When you think of something, someone, someplace, the things you are "supposed" to remember-birthdays, your first kiss,your high school graduation-- often are not the most important. Sometimes, the things worth remembering are the things you don't even notice are there. In the words of cliche proverbs, unrefined ignorance is bliss.

That is actually bullshit. When you realize something is gone, it pains you. Channel that pain into positive nuances. They make you smile. Its the little things that are important in life. Yea, maybe you'll remember every single detail of the first date you had with your girlfriend who you are currently happily in love with. But in the grand scheme of things, that isn't that important. What is important is the way she absentmindedly brushes those innocent strands of hair out of her eyes on a windy day. The kind of things that you don't pick up on unless you really know someone.


Instead of remembering what you did for your birthday, remember your friends reaction after his favorite song came on in the car on the way to the party. Instead of remembering your first kiss, remember the park bench that was lucky enough to play host to a pair of lustful lovebirds. Instead of remembering high school graduation, remember how unbearably hot it was that day, or how you probably looked like an idiot because your hair was still wet from taking a shower right before you left because prom was the night before and you just woke up.

By simply remembering moments, you are actually not remembering anything. By remembering the props of the moment, you create a tangible scene. A tangible memory.

Tangible=Feeling. Feeling=

I've never been good at math, so i'll just let you solve that one.

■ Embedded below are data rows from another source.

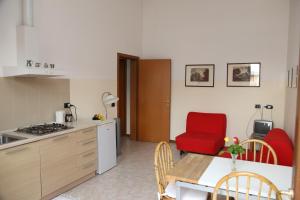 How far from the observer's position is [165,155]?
233 centimetres

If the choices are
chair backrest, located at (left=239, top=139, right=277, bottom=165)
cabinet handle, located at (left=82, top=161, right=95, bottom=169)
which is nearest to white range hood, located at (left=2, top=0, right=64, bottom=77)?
cabinet handle, located at (left=82, top=161, right=95, bottom=169)

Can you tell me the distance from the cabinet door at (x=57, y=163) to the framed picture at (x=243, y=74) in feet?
11.6

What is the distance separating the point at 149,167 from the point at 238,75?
269 centimetres

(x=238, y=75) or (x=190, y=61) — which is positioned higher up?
(x=190, y=61)

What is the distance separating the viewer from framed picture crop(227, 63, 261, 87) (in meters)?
4.83

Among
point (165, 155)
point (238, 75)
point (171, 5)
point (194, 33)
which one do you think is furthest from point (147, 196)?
point (171, 5)

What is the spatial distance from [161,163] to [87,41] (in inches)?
106

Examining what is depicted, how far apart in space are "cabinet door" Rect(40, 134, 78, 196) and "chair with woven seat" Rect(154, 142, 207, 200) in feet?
4.47

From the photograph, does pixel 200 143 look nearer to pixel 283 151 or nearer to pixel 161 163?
pixel 283 151

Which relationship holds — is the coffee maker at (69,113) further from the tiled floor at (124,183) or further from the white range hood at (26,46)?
the tiled floor at (124,183)

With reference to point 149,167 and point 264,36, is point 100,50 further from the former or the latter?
point 264,36

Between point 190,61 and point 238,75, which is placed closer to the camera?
point 238,75

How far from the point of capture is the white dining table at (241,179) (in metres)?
1.69

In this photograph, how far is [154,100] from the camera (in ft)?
18.5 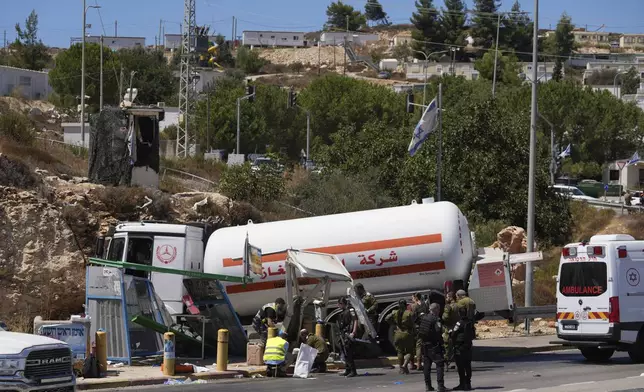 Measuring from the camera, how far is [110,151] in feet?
114

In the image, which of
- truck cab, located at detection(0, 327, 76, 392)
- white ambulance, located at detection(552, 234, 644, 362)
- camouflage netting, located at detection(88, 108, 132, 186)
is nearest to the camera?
truck cab, located at detection(0, 327, 76, 392)

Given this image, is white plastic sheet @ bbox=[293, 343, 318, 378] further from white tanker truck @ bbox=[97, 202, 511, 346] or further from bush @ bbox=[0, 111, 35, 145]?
bush @ bbox=[0, 111, 35, 145]

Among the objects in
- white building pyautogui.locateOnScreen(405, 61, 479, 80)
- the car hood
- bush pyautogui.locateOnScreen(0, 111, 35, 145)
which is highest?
white building pyautogui.locateOnScreen(405, 61, 479, 80)

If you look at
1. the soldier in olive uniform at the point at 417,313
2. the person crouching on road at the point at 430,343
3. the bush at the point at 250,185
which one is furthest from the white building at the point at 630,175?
the person crouching on road at the point at 430,343

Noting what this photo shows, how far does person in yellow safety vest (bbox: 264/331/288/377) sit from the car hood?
7.09 m

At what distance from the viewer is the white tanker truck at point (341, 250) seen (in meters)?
24.3

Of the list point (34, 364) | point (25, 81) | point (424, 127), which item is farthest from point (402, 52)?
point (34, 364)

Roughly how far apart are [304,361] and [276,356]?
623 millimetres

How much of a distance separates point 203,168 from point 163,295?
99.2 ft

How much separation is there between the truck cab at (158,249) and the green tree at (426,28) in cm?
15038

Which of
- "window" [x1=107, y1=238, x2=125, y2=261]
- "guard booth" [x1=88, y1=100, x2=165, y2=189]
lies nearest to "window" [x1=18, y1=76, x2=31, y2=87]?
"guard booth" [x1=88, y1=100, x2=165, y2=189]

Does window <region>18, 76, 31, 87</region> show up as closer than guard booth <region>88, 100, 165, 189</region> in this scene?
No

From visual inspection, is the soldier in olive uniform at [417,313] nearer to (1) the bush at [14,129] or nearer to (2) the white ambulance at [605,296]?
(2) the white ambulance at [605,296]

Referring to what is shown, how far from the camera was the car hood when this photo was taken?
13.5m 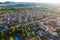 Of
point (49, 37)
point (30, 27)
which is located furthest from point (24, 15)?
point (49, 37)

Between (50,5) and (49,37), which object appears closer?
(49,37)

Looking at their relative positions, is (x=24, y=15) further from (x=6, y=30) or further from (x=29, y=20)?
(x=6, y=30)

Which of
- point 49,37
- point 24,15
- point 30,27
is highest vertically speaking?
point 24,15

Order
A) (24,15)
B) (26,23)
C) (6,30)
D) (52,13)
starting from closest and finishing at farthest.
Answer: (6,30) → (26,23) → (24,15) → (52,13)

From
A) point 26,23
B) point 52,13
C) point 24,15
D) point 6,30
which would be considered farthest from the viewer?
point 52,13

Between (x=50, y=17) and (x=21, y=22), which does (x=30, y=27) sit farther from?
(x=50, y=17)

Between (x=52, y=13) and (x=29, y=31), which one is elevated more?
(x=52, y=13)

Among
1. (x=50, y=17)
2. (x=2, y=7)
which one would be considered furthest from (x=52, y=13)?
(x=2, y=7)

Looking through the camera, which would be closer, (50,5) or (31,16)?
(31,16) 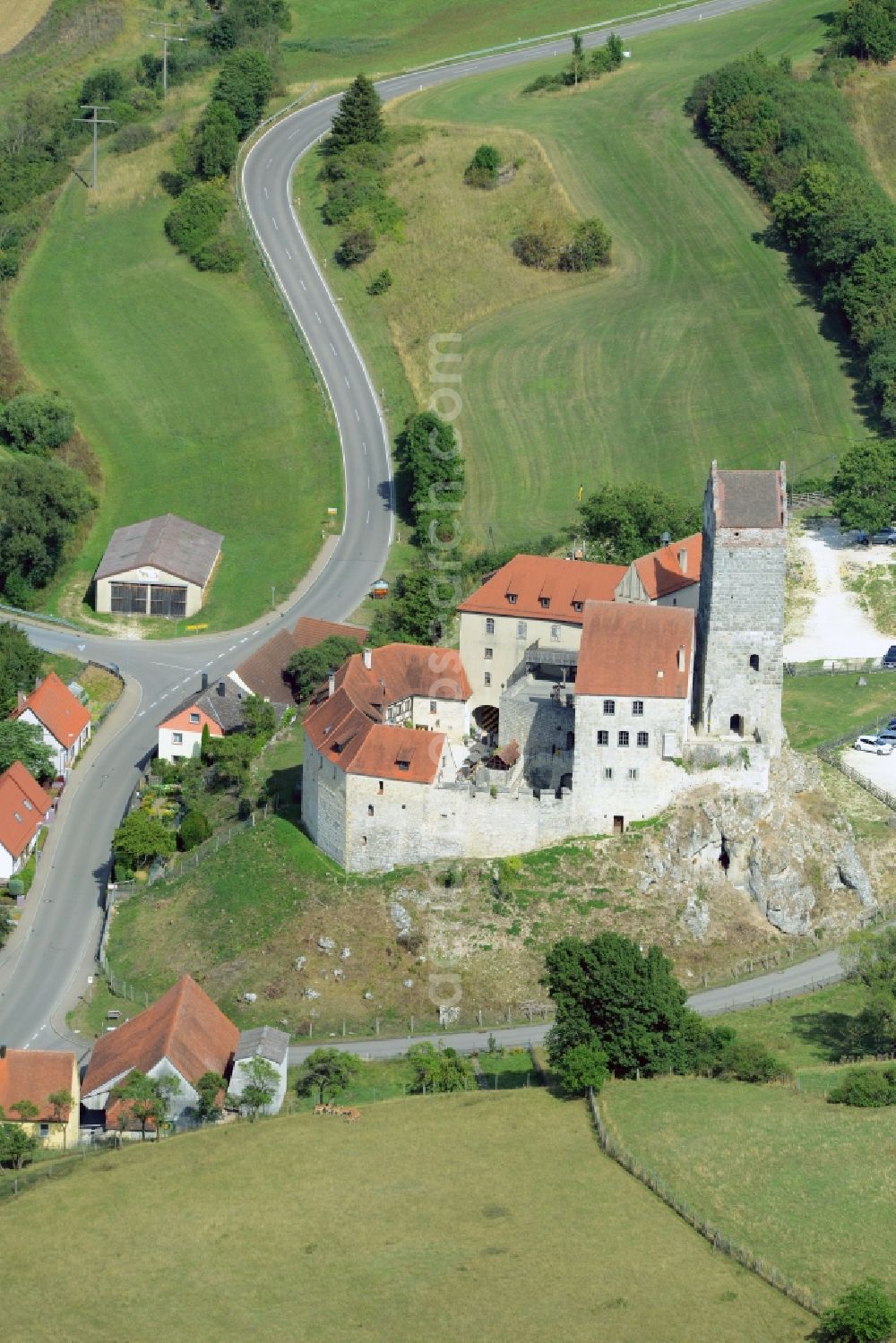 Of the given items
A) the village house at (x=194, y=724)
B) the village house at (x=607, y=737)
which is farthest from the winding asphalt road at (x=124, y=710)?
the village house at (x=607, y=737)

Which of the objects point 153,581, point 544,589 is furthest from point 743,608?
point 153,581

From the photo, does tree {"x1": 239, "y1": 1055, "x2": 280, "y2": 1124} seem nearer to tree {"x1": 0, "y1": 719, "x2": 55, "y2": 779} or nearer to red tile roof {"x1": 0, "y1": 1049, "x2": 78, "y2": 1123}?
red tile roof {"x1": 0, "y1": 1049, "x2": 78, "y2": 1123}

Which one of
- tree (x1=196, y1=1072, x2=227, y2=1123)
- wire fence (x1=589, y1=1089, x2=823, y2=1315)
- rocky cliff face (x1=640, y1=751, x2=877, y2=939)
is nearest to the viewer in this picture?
wire fence (x1=589, y1=1089, x2=823, y2=1315)

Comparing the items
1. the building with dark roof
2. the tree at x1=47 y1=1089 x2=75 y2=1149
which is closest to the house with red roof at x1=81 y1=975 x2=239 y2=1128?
the tree at x1=47 y1=1089 x2=75 y2=1149

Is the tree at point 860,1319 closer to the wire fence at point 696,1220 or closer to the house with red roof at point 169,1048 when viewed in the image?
the wire fence at point 696,1220

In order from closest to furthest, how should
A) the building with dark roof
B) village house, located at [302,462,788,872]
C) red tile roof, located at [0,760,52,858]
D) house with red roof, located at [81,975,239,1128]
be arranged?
house with red roof, located at [81,975,239,1128] < village house, located at [302,462,788,872] < red tile roof, located at [0,760,52,858] < the building with dark roof

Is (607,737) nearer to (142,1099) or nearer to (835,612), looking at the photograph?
(142,1099)

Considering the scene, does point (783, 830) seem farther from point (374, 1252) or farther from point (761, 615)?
point (374, 1252)

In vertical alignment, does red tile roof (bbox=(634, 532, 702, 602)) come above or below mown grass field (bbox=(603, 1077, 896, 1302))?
above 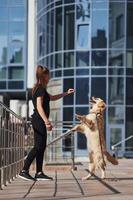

I grew up in a parking lot. In high school, many a night was spent in a random parking spaces outside a now hipstered out starbucks. music would be bumping, the five people in the car would switch in and out between joking around, flirting, complaining about how theres nothing to do in this town, and talking about how college would be so much better because we could actually do stuff more exciting that sitting in a car listening to Chumbawamba.

I've told people in college about our parking lot ventures. Truth be told, its very difficult telling people you hung out in parking lots for fun. Just writing right now sounds like the most uncool thing since Shia LeBouf's goatee.

I really don't care. You could take the man away from the parking lot, but you could never take away the parking lot from the man.

As I went on to bigger and better things in the big old gtown, I kind of forgot about the parking lots of my life. No, I didn't completely lose myself and start tripping on heroine. I just moved on, is all. It was a clean breakup, and I didn't look back.

Until now. Its all flooding back to me.

The memories I have from the parking lots Smithtown are countless. I choose not to remember each as a distinct event. Instead, I view them as all interconnected, arched together by two parallel bright yellow lines.

My life, who I have been, what I have done, who I have become, and who I will become, was more or less inspired by a bunch of asphalt outside the pavement of American Burger.

To you, that may sound like a shitty life. But as far as i'm concerned, i'm living the dream.

I challenge you to find your parking lot. And fast. Because before you know it, you'll have to start honking for a space.